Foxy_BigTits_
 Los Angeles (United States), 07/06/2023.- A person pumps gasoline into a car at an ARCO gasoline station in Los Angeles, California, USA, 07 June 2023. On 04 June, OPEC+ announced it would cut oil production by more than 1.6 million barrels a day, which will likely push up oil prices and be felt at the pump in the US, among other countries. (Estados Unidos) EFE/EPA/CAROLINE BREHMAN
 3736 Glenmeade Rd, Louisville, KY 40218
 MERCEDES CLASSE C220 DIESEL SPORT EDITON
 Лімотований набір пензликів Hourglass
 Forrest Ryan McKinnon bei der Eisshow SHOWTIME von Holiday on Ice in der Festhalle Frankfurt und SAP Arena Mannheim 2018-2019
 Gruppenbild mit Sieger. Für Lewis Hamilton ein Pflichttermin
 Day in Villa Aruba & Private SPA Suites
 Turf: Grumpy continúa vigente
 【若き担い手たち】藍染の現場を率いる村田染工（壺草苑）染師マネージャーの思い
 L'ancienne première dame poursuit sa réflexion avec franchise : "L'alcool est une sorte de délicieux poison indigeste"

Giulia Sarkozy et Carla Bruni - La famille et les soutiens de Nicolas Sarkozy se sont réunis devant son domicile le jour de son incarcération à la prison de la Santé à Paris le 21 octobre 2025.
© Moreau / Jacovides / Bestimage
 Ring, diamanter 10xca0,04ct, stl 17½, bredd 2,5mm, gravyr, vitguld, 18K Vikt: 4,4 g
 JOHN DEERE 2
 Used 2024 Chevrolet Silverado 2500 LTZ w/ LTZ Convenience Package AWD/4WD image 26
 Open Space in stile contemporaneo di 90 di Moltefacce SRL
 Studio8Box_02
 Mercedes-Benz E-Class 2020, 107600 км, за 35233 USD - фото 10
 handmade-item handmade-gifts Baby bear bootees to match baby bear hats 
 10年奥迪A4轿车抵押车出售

■ **Work order**
Starting at the first line of the entries above, please extract each line up to and including the line with "Gruppenbild mit Sieger.", unchanged, and add nothing.

■ **Task output**
Foxy_BigTits_
 Los Angeles (United States), 07/06/2023.- A person pumps gasoline into a car at an ARCO gasoline station in Los Angeles, California, USA, 07 June 2023. On 04 June, OPEC+ announced it would cut oil production by more than 1.6 million barrels a day, which will likely push up oil prices and be felt at the pump in the US, among other countries. (Estados Unidos) EFE/EPA/CAROLINE BREHMAN
 3736 Glenmeade Rd, Louisville, KY 40218
 MERCEDES CLASSE C220 DIESEL SPORT EDITON
 Лімотований набір пензликів Hourglass
 Forrest Ryan McKinnon bei der Eisshow SHOWTIME von Holiday on Ice in der Festhalle Frankfurt und SAP Arena Mannheim 2018-2019
 Gruppenbild mit Sieger. Für Lewis Hamilton ein Pflichttermin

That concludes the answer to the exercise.